4. Quanto mais Costa exalta as reuniões com a extrema-esquerda e as credibiliza com a organização de supostas equipas de negociação técnica, mais Costa fica prisioneiro do seu próprio discurso e das suas atitudes. Acabe como acabar, Costa quis deixar uma primeira impressão: é capaz de pactuar com a esquerda radical, não vê proveito em se ligar aos moderados do centro-direita e da direita. E ao fazê-lo, ainda que venha a entender-se com a coligação, já criou uma antecâmara de desconfiança e de indefinição. Por mais juras de amor que possa vir a fazer, já está cativo desse ambiente de hostilidade que ele próprio instilou.
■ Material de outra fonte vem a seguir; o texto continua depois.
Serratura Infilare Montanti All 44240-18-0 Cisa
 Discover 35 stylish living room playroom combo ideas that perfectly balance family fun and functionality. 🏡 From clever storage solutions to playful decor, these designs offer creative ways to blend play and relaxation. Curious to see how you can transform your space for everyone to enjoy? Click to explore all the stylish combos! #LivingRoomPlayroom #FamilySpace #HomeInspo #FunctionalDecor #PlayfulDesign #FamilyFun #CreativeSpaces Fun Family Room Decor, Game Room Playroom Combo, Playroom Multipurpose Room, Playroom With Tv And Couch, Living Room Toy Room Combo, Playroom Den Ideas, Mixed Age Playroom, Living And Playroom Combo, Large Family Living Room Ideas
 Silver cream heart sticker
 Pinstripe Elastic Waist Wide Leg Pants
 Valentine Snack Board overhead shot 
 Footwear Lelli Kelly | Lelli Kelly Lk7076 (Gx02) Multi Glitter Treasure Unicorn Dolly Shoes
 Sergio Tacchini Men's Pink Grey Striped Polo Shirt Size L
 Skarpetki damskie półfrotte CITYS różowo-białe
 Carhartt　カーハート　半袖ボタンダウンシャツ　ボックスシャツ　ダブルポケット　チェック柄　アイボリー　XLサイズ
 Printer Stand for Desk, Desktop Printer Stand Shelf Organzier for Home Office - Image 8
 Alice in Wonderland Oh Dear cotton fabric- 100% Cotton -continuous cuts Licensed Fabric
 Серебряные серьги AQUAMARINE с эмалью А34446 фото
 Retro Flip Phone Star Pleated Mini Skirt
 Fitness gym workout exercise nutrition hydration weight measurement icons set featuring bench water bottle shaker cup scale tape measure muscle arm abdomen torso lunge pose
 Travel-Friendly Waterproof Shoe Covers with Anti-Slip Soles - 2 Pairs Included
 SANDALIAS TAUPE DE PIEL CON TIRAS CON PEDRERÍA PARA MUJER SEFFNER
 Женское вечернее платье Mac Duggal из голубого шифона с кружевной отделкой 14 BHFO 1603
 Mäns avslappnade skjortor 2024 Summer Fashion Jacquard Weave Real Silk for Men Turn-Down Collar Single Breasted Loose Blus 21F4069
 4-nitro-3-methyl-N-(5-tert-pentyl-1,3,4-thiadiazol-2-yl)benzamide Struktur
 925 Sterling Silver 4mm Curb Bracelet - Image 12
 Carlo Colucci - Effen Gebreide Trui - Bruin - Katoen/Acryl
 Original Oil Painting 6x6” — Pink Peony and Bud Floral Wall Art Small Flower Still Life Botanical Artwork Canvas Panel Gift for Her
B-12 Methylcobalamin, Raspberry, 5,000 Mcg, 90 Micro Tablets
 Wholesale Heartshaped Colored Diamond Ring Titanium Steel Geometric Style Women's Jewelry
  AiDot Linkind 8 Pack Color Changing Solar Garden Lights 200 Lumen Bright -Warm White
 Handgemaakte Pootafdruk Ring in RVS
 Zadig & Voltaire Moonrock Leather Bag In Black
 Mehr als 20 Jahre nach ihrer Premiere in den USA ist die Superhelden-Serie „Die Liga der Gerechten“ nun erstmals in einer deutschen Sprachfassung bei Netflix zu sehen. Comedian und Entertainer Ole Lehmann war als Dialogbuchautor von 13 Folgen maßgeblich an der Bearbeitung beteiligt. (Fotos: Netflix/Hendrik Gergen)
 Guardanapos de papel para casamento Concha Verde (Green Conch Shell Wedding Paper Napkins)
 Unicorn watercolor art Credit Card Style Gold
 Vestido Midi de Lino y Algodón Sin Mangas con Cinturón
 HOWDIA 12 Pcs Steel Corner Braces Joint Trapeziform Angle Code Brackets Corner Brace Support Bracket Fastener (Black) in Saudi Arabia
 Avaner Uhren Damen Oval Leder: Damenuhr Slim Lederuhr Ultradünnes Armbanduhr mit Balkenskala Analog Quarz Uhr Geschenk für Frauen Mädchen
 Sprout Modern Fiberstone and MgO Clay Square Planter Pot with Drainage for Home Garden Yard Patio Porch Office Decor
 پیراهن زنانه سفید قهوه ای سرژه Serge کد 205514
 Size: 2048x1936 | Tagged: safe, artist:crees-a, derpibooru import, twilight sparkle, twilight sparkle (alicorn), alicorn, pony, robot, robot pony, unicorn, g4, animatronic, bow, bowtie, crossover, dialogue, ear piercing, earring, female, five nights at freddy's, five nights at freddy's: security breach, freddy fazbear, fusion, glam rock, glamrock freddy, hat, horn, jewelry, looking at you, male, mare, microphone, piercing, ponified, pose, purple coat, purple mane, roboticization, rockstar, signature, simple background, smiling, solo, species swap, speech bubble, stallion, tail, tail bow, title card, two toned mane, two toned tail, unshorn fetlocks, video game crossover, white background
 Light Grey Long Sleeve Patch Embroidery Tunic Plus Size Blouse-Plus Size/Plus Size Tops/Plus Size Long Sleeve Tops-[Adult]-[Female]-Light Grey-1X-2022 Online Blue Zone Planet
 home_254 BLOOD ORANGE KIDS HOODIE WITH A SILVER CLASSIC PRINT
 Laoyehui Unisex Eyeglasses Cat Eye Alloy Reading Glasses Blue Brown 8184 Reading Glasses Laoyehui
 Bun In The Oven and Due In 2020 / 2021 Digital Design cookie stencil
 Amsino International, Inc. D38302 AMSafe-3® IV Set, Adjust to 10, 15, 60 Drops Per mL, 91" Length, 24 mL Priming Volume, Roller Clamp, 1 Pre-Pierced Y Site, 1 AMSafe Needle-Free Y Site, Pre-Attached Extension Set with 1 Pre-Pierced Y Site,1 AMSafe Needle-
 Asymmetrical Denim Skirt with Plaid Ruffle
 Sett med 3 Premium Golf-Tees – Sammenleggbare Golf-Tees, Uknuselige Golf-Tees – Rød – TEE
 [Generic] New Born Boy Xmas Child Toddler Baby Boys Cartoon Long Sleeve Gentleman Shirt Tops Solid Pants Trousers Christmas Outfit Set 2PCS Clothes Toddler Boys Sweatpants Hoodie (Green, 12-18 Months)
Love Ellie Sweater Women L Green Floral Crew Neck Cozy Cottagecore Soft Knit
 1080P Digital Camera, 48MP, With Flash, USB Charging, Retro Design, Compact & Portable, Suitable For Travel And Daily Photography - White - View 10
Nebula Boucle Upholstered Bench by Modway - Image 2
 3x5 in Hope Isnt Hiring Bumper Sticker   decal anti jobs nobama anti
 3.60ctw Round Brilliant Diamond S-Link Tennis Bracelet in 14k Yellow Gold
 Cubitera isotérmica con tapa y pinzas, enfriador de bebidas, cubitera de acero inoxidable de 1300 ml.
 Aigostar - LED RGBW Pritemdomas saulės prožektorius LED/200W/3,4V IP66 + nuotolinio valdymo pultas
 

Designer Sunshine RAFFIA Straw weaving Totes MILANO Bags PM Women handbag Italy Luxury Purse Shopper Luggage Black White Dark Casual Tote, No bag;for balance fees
Ao cadenciar a sua trama como cadenciou e ao comunicar como comunicou, Costa gerou amarras das quais não vai facilmente libertar-se. E a pergunta que ecoa é: porque se amarrou como amarrou?

E a resposta, temida e temerária ao mesmo tempo, parece ser só uma e uma só: está cativo e refém da sua própria sobrevivência política. Depois de uma derrota contundente nas legislativas, pode seguir-se uma derrota inapelável nas presidenciais. E em tal cenário, o seu destino político como líder do PS (e quiçá como político) estará seriamente comprometido; isto para não escrever, irremediavelmente comprometido. Para sobreviver só lhe resta uma alternativa: tornar-se à força de toda e qualquer entorse, Primeiro-ministro. Se isso significa rasgar a tradição moral do PS, rompendo com a fronteira da liberdade e da democracia ocidental e com o consenso europeu, parece que pouco importa. Quando se está cativo, não se é livre.